Aim of the exercise: Once the line containing "map of restaurants, bars, coffee" is found in the material below, it and every line after it should be transcribed exactly, with pictures left out and nothing added.

────────────────

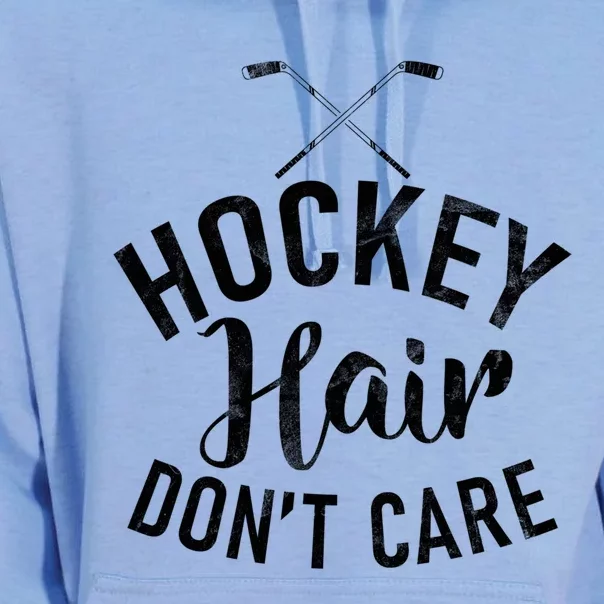 Hockey Hair Dont Care Hockey Gift Unisex Surf Hoodie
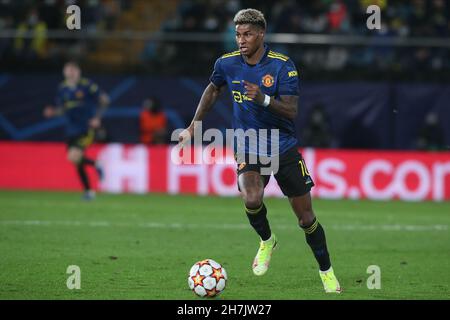 Villarreal, Espagne.23 novembre 2021 ; Estadio la Ceramica, Vila Real, Espagne ; Ligue des champions de l'UEFA,Villarreal CF Manchester United; Marcus Rashford de Manchester United Credit: Action plus Sports Images/Alamy Live News Banque D'Images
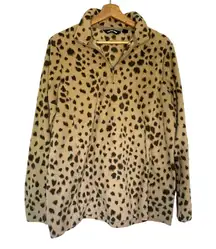 Lands' End Cheetah print tan black women's size L T quarter zip sweater fleece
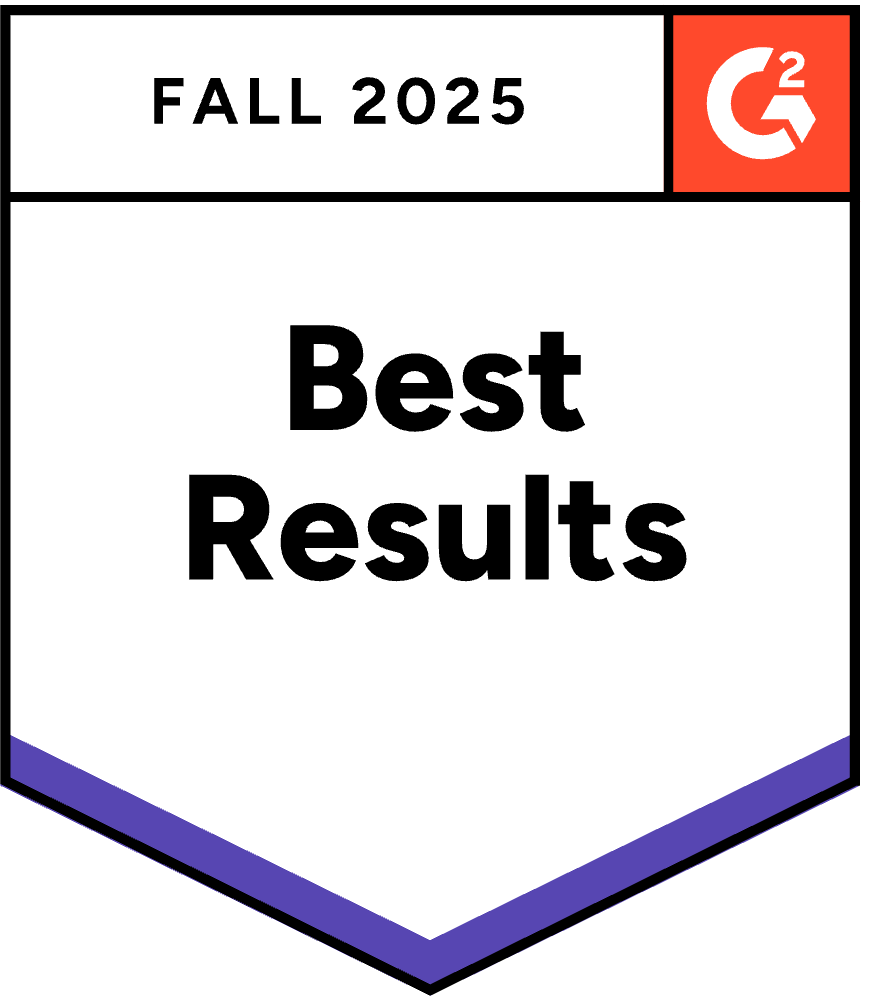 Badge image displaying "Best Results" for Fall 2025, featuring a red G2 logo in the top right corner. The design is clean and professional.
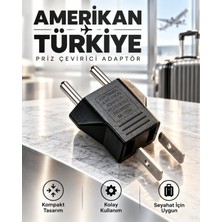 Amerikan - Türkiye Priz Çevirici Dönüştürücü Adaptör / Avrupa Türk Çevirici Jak / Priz Ucu Jak Çevirici Adaptör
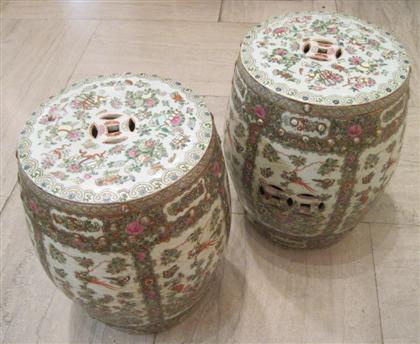 Appraisal: Pair of Chinese famille rose porcelain garden seats th century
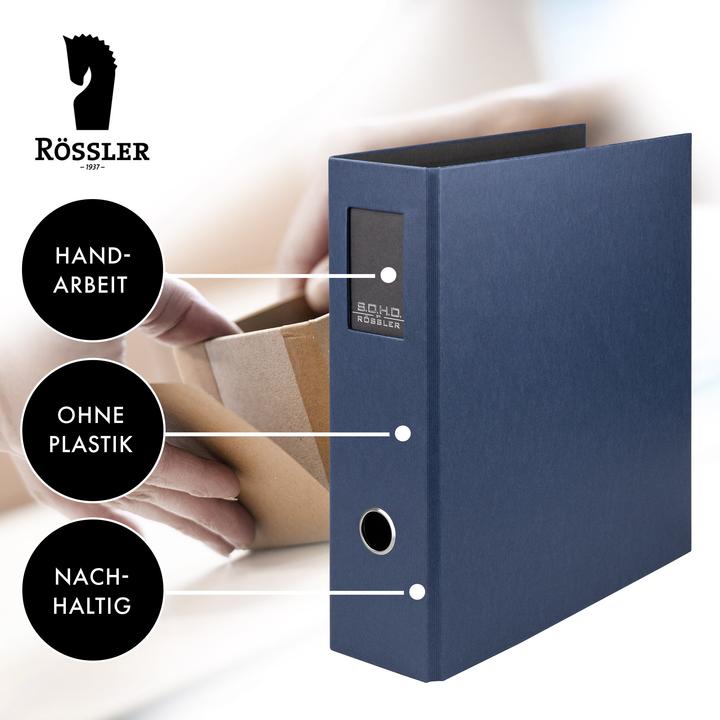 Produktbild Rössler Ordner Soho navy (A4, 80 mm, 1 Stk.)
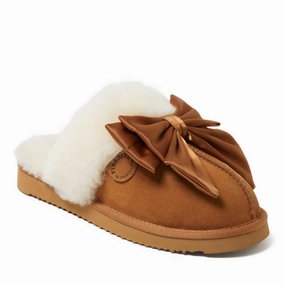 Fireside by Dearfoams Women's Sydney Genuine Shearling Scuff with Bow Cozy Womens Slippers discount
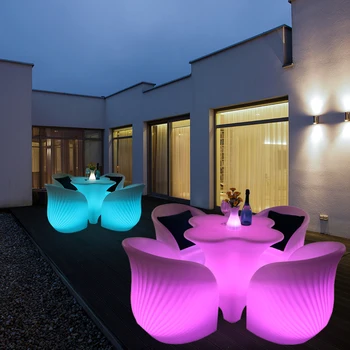 LED osvetlitev mizo in stol bar pogajanja tabela Nepremočljiva tabela mizico in stol kombinacija zunanji bar razsvetljavo furn
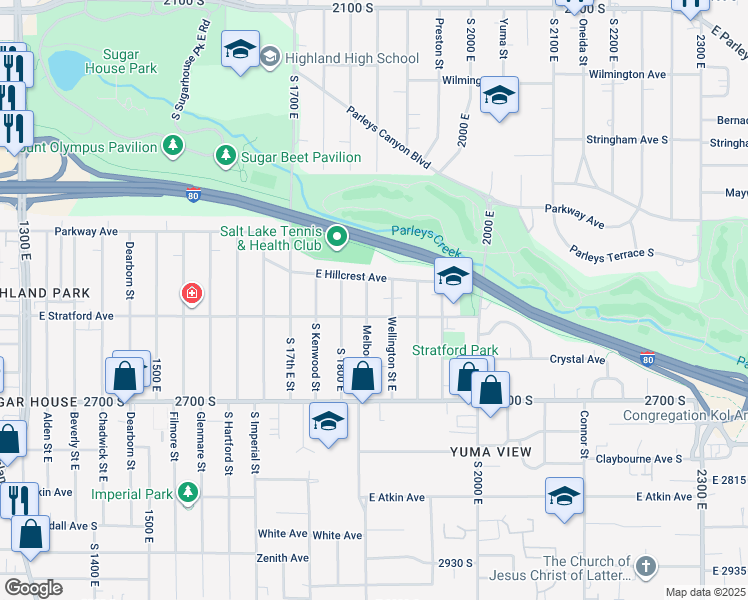 map of restaurants, bars, coffee shops, grocery stores, and more near 2549 Melbourne Street in Salt Lake City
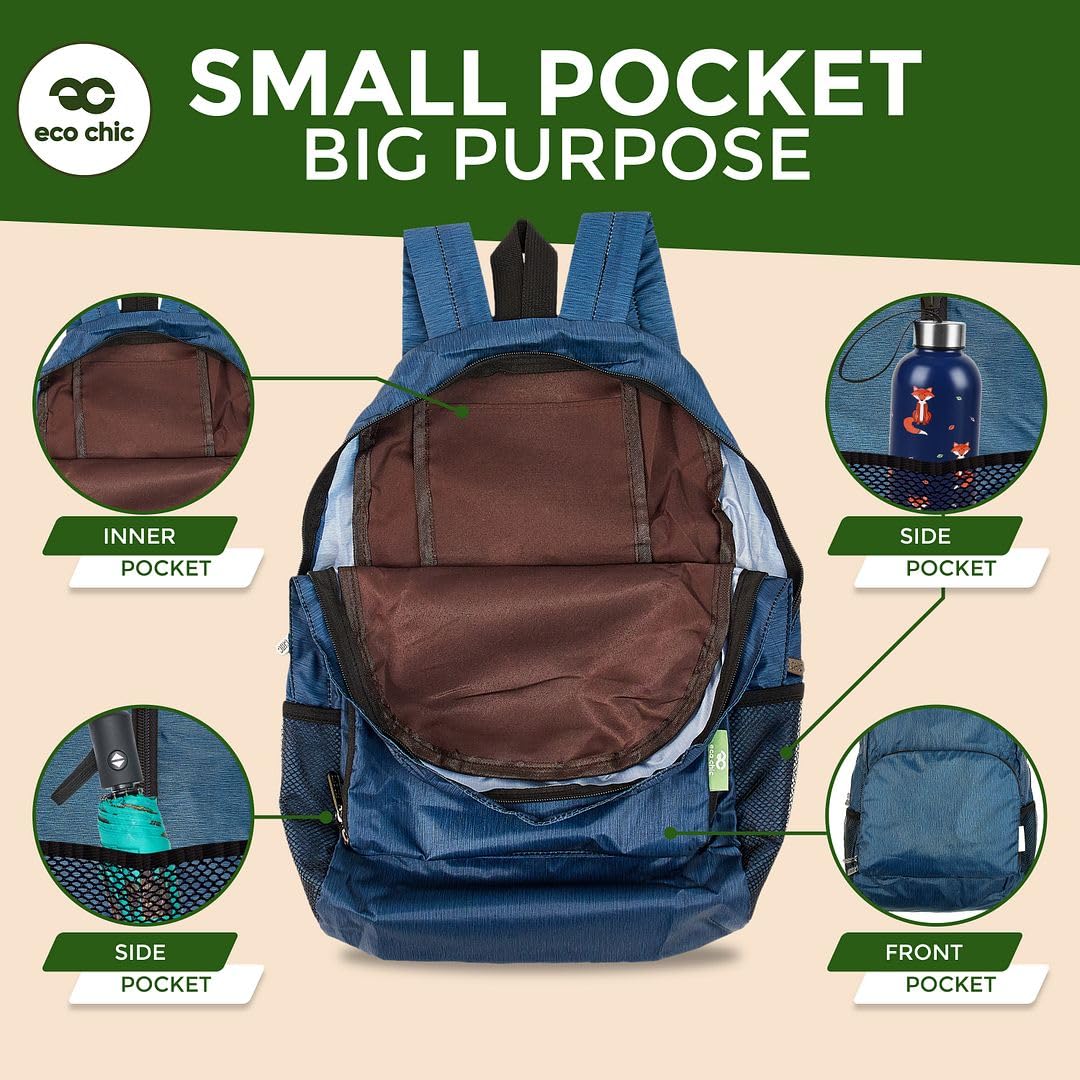 ECO CHIC Lightweight Foldable Hiking Backpack - Waterproof Travel Daypack for Outdoor Adventures & Camping - Made from Recycled Materials (Highland Cow Red) - Perfect for Hiking, Travel, Gym & Daily Use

────────────────

Answer area:
 map of restaurants, bars, coffee shops, grocery stores, and more near 2549 Melbourne Street in Salt Lake City
 ECO CHIC Lightweight Foldable Hiking Backpack - Waterproof Travel Daypack for Outdoor Adventures & Camping - Made from Recycled Materials (Highland Cow Red) - Perfect for Hiking, Travel, Gym & Daily Use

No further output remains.